L’Osservatorio antisemitismo della Fondazione Cdec, assieme a diverse altre istituzioni che si occupano in Italia e all’estero di monitoraggio degli episodi d’odio, da molti decenni segnala con dovizia di esempi e con analisi sociologiche la presenza di un’ostilità antiebraica diffusa. I sottili distinguo tra antisemitismo, antigiudaismo e antisionismo lasciano il tempo che trovano e sono buoni per dibattiti accademici sull’efficacia o meno della Working Definition di antisemitismo dell’Ihra (International Holocaust Remembrance Alliance). Ma la realtà è che quella ostilità c’è, è diffusissima, è cresciuta enormemente dopo il 7 ottobre, e sta producendo dei costi incalcolabili sulla società (ebraica e non) a tutti i livelli, generando traumi individuali e visibili ricadute sulla collettività. Allo stesso tempo cresce in ampi settori dell’Occidente un diffuso sentimento di islamofobia che fa perno sul conflitto mediorientale per accrescere un discorso d’odio il cui peso non manca di provocare disagio, cavalcando in maniera amorale l’onda lunga dello shock della guerra.

Le proteste sempre più forti di ampi settori della società israeliana e della stragrande maggioranza dei familiari delle persone rapite nei confronti del governo Netanyahu mettono il dito proprio su questa piaga. Contestano l’impreparazione degli apparati di sicurezza israeliani collassati il 7 ottobre e criticano la scelta scellerata di continuare il conflitto con le modalità che abbiamo conosciuto fino a oggi e chiedono un’azione che conduca al salvataggio delle vite di chi è stato strappato dalla propria casa. Il perpetrarsi della guerra non solo provoca continue perdite di vite umane, ma favorisce il ripetersi nel tempo di un evento (il masso che cade nelle acque) che propaga ondate traumatiche continue senza che se ne veda una conclusione.
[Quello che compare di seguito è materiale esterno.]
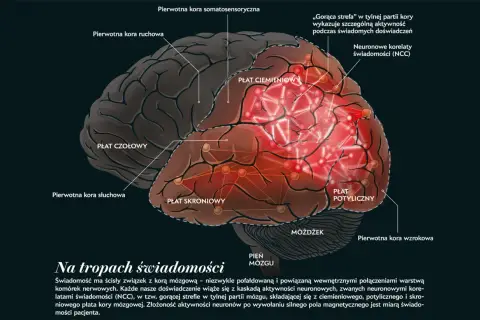 Ilustracja mózgu z zaznaczonymi płatami. Płat skroniowy i ciemieniowy są kluczowe dla pamięci i świadomości.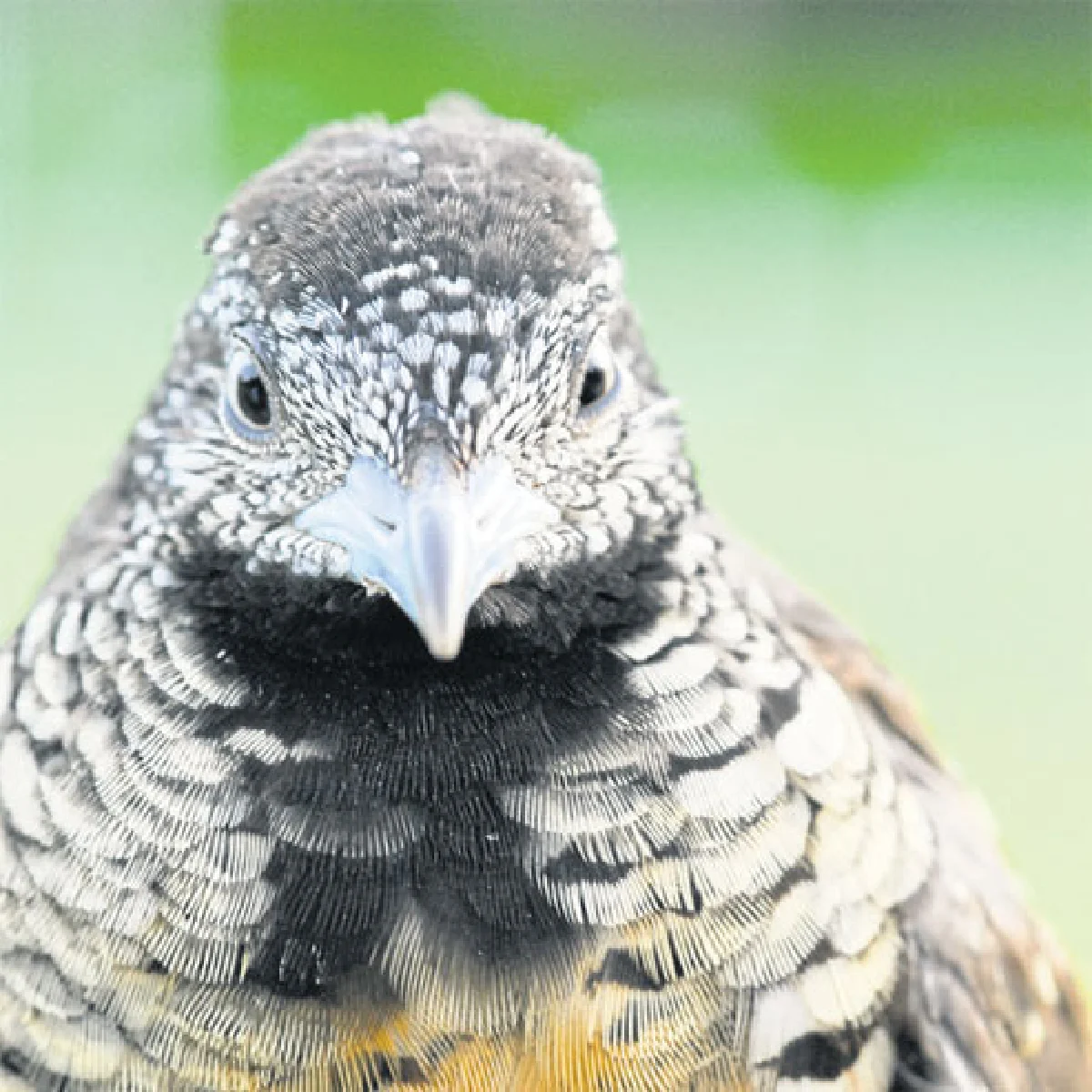 ‘จีบ’ใครคิดว่าไม่สำคัญ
Non so se e quando questa situazione potrà risolversi. Le dinamiche della geopolitica non prendono in considerazione usualmente le conseguenze dello shock post-traumatico. Credo però che a livello istituzionale ci si debba attrezzare in maniera più decisa per riconoscere il peso sociale del trauma nel lungo periodo, valutando presto le azioni opportune da intraprendere per ricucire queste tele lacerate sia a livello di singoli, sia nell’ambito della comune convivenza civile.